Florida Today
X-38B Space Plane (artist conception NASA/MSFC)
CAPE CANAVERAL, FL (Florida Today) -- An Atlas V rocket carrying a
military mini-shuttle is poised for launch on its Cape Canaveral pad
Tuesday, but the forecast is not favorable.
The five-hour launch window opens at 1:03 p.m.
However,
a cold front is expected to sweep into central Florida today, bringing
with it a high probability of cloudy conditions, rain showers and
isolated thunderstorms.
Air
Force meteorologists say there is a 70 percent chance conditions would
prohibit launch. The weather forecast for Wednesday is the same.

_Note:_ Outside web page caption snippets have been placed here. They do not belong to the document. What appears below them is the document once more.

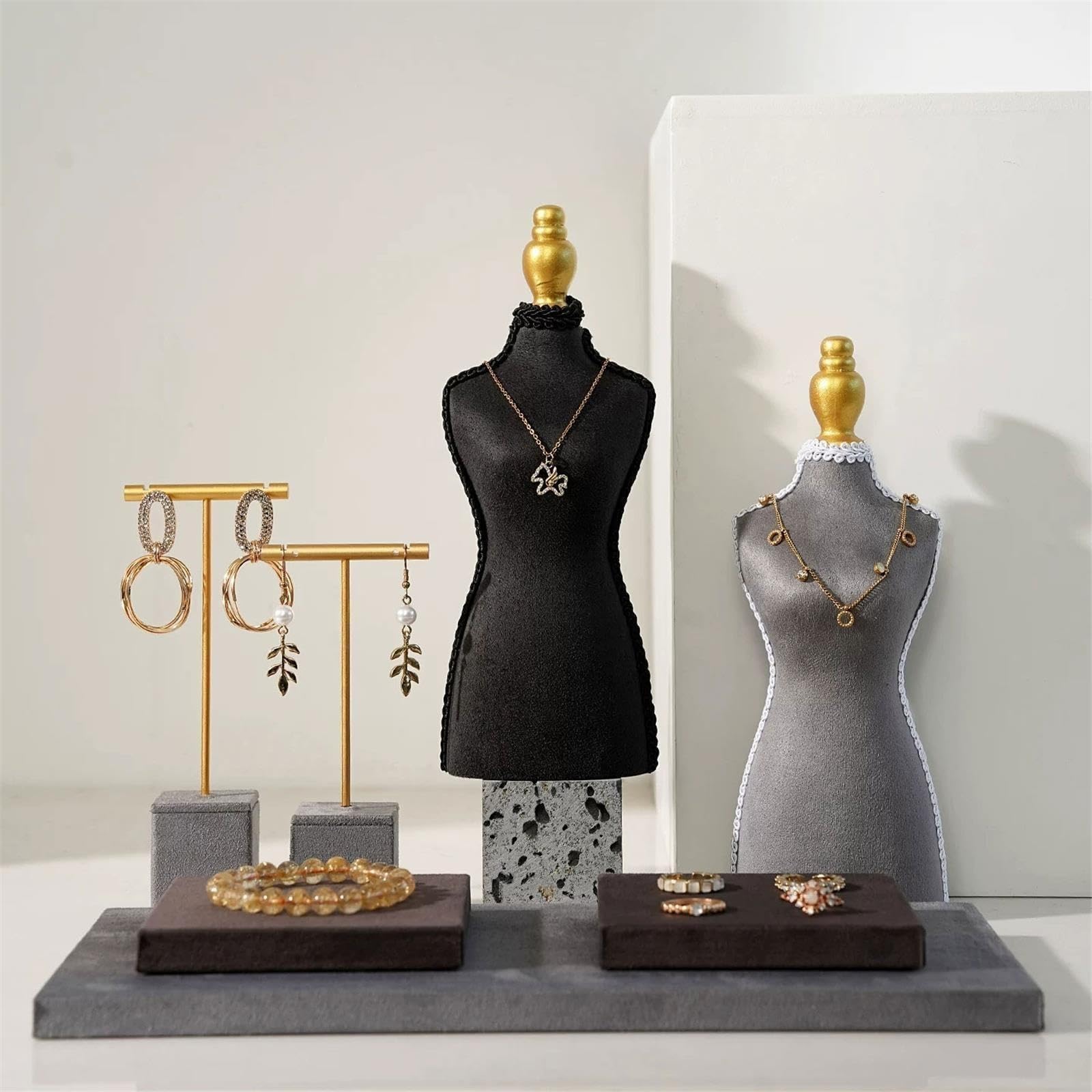 WZGWDC Soporte para presentación de joyería, 8 Uds., Busto de maniquí, Soporte para joyería, Conjunto de Soporte de exhibición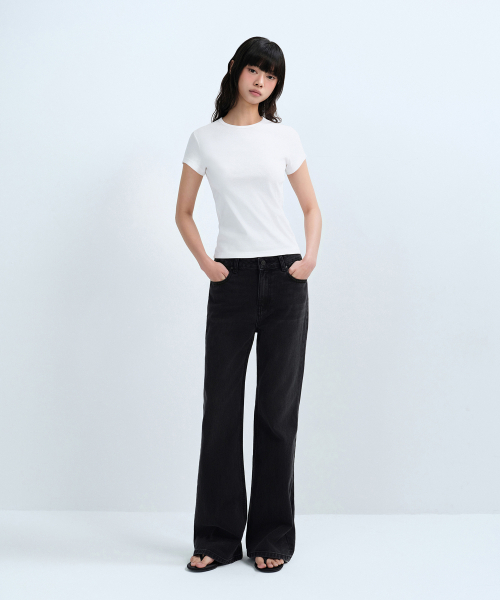MUSINSA STANDARD WOMAN（ムシンサスタンダードウーマン）の「ウィメンズスリムクルーネックTシャツ[ホワイト]（Tシャツ/カットソー・レディース・その他・LARGE/MEDIUM/SMALL/X-SMALL/X-LARGE）」の3枚目の写真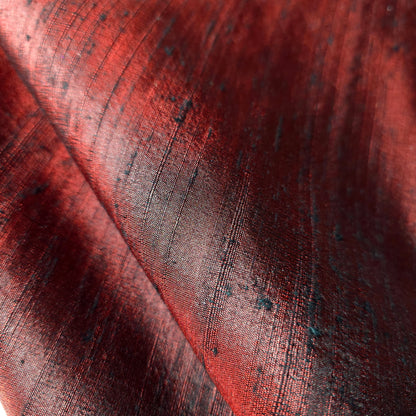 CRIMSON RED BLACK SILK DUPIONI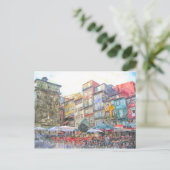 Aquarell. Stadtansicht von Porto am Douro. Briefkaart (Staand voorkant)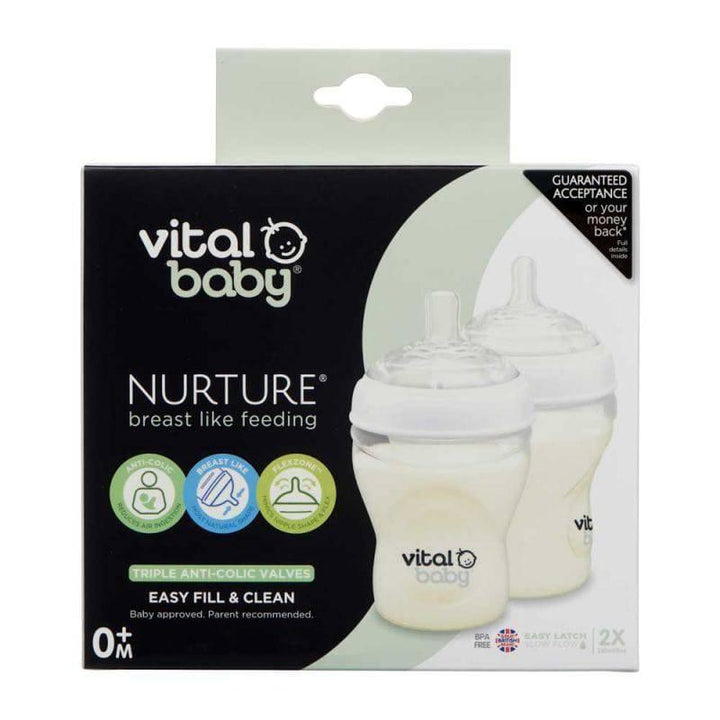 Vital Baby Nurture Breast-Like Feeding Bottles - 240 ml - 2 Pieces - ZRAFH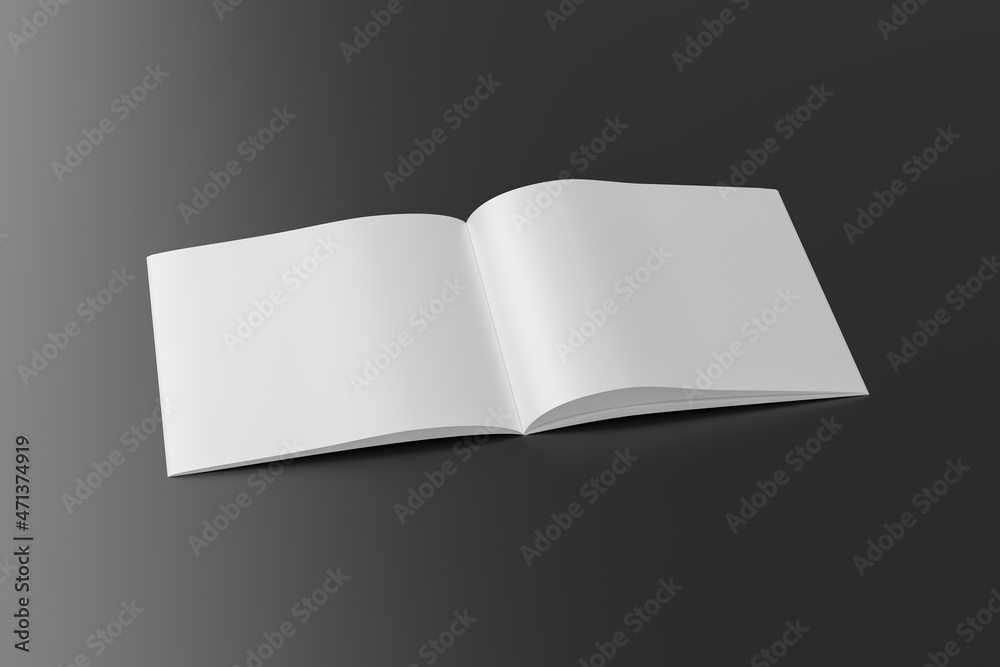Horizontal brochure or booklet mock up on black background. Horizontal brochure or booklet mock up on black background.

The
front is expected to stall over central Florida Wednesday before moving
off to the northeast.
Mounted atop a mobile launch platform, the Atlas V with its payload,
the Air Force's X-37B spacecraft, moved out of its 30-story assembly
building Monday and made the 1,800-foot trip to Launch Complex 41 at
Cape Canaveral Air Force Station along rail tracks.
The launch of the X-37B will be the first re-flight of one of the experimental spaceplanes.
The
X-37B can reenter the atmosphere and land autonomously. The first two
missions concluded on a runway at Vandenberg Air Force Base in
California.
Air
Force officials say there is a chance the third mission will end with a
landing on the shuttle runway at NASA's Kennedy Space Center.